European Union countries are expected this week to agree on how to share out the responsibility of hosting refugees and migrants, a top EU official said on Tuesday of what would mark a breakthrough after years of bitter feuds within the bloc.

The EU's migration chief spoke ahead of talks between home affairs ministers of the bloc's 27 member states on Thursday. On the table is an overhaul of EU asylum rules which broke down in 2015 as more than a million people - mostly fleeing the war in Syria - reached the bloc across the Mediterranean.

"It's about having a European migration policy," EU migration commissioner Ylva Johansson told reporters. "When we work together, we are so strong... This is not a zero-sum game. It's not about winners and losers.

"If we agree on a common approach to managing migration in a humane but restrictive way together, we would all be winners because we will be able to manage migration together in an orderly way."

Agreeing a joint approach has proven all but impossible for EU countries since 2015 when the sea arrivals caught the bloc by surprise, overwhelming its reception and security capacities.

Ever since, EU countries of arrival like Spain, Italy, Malta and Greece have demanded more help. The rich destination countries like Germany, France and Sweden have said they cannot be the only places where the new arrivals end up.

Bad blood spilled over as eastern EU countries like Poland and Hungary refused to host any refugees and migrants from the mainly-Muslim Middle East and North Africa.

The EU has stepped up efforts to keep people away, with U.N. data showing fewer than 160,000 people made it across the Mediterranean last year.
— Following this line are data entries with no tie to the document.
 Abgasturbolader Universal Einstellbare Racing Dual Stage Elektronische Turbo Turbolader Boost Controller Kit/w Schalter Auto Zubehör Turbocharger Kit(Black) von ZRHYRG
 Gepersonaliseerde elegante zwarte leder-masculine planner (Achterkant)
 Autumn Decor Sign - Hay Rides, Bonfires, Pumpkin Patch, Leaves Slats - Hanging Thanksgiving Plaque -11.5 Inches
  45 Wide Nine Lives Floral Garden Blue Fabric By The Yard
Nearly 2,500 died or went missing on the dangerous voyage.

But the bloc has so far failed to agree on how to share out the responsibility of caring for those who do make it, differences playing out prominently as right-wing and populist parties fuelled the debate with anti-immigration rhetoric.

WINNERS AND LOSERS

At the heart of the dispute is whether all EU countries would have to host people - as long demanded by the south and the west - or would eastern countries be allowed to buy themselves out of hosting by offering aid in the form of money or personnel.
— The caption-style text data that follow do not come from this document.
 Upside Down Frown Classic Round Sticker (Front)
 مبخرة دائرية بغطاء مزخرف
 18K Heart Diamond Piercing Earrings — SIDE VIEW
Johansson said the tentative deal allowed for the latter, adding that it envisaged no "mandatory relocations" of people and that EU states could chose how to show solidarity with peers.

"I actually foresee we will find a compromise along those lines," she said.
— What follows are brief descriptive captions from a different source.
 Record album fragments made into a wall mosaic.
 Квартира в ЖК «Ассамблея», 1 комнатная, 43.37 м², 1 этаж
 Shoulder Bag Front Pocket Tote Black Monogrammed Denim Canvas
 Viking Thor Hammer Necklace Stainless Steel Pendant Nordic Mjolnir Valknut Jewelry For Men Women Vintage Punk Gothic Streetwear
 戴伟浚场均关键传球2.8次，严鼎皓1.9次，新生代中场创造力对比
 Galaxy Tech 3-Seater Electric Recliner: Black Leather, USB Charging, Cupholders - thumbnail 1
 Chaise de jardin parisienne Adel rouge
She also warned those who are reluctant that they did not have a veto in the majority vote, and cautioned against taking tough lines on migration for domestic political purposes.

"Without an agreement we are all losers," she said. "With an agreement, we are actually all winners, including the migrants, because when we work together, we can also welcome migrants and refugees in a more orderly way without risking their lives."